Seorang shahabat bernama Hanzhalah
bin Shaifi yang menjadi penulis (katib) Rasulullah SAW menyatakan : ‘Rasulullah
SAW menugaskan aku dan mengingatkan aku (untuk membagi-bagikan harta) atas
segala sesuatu (harta yang diperoleh) pada hari ketiganya : Tidaklah datang
harta atau makanan kepadaku selama tiga hari, kecuali Rasulullah SAW selalu
mengingatkannya (agar segera didistribusikan). Rasulullah SAW tidak suka
melalui suatu malam sementara ada harta (umat) di sisi beliau. (Zallum, 1983).
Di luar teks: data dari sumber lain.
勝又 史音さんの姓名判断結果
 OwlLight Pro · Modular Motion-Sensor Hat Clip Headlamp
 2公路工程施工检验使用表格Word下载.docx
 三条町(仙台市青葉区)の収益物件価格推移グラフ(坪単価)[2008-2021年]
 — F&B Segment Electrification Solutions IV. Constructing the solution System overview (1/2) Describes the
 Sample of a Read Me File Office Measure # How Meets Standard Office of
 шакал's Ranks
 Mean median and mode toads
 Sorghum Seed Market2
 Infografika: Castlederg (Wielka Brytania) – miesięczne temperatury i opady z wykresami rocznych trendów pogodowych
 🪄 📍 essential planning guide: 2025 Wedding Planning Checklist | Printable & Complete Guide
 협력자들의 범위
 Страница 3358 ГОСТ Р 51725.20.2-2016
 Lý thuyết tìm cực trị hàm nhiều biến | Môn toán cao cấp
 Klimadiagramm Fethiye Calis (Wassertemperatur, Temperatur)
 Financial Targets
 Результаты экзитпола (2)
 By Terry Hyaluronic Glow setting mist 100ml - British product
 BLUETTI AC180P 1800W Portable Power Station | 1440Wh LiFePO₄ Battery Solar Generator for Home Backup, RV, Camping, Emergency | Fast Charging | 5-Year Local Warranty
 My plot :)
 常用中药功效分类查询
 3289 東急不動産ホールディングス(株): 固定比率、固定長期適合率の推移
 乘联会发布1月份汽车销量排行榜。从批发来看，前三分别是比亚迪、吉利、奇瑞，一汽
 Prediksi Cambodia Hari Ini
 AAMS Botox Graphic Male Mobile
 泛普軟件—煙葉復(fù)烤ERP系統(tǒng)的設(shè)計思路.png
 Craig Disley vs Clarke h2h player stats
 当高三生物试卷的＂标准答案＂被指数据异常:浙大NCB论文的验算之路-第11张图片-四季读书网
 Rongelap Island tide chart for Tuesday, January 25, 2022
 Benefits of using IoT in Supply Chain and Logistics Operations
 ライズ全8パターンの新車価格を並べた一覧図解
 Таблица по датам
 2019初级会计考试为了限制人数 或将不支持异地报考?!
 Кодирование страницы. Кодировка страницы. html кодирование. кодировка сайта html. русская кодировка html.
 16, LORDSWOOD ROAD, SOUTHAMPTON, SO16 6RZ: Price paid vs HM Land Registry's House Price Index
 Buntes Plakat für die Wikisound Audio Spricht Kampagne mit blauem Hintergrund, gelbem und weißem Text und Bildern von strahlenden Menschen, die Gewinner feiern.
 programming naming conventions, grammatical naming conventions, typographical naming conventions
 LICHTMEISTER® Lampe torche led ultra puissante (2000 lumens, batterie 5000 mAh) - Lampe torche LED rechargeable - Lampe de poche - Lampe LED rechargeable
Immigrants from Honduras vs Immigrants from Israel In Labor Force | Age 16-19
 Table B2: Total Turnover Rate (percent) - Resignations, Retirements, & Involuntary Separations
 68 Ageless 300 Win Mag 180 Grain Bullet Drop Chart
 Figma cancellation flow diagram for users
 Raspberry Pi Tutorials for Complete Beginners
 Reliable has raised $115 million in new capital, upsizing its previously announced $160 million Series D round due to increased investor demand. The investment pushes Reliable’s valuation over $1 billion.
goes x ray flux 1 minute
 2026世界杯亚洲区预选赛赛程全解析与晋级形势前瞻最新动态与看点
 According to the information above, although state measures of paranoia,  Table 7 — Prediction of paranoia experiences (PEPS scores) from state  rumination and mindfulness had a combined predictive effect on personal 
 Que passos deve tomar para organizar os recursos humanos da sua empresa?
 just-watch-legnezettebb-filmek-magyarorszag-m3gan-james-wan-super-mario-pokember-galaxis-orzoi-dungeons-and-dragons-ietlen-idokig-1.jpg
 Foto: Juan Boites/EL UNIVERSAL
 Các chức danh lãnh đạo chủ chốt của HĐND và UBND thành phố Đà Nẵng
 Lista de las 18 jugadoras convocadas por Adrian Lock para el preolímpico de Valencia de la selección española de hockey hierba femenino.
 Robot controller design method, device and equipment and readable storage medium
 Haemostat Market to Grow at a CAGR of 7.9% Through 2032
Pada umumnya Rasulullah SAW
membagi-bagikan harta pada hari diperolehnya harta itu. Hasan bin Muhammad
menyatakan :‘Rasulullah SAW tidak pernah menyimpan harta baik siang maupun
malamnya…‘
Dengan kata lain, bila harta itu
datang pagi-pagi, akan segera dibagi sebelum tengah hari tiba. Demikian juga
jika harta itu datang siang hari, akan segera dibagi sebelum malam hari tiba.
Oleh karena itu, saat itu belum ada atau belum banyak harta tersimpan yang
mengharuskan adanya tempat atau arsip tertentu bagi pengelolaannya (Zallum,
1983).
2.
Masa Khalifah
Abu Bakar Ash Shiddiq (11-13 H/632-634 M)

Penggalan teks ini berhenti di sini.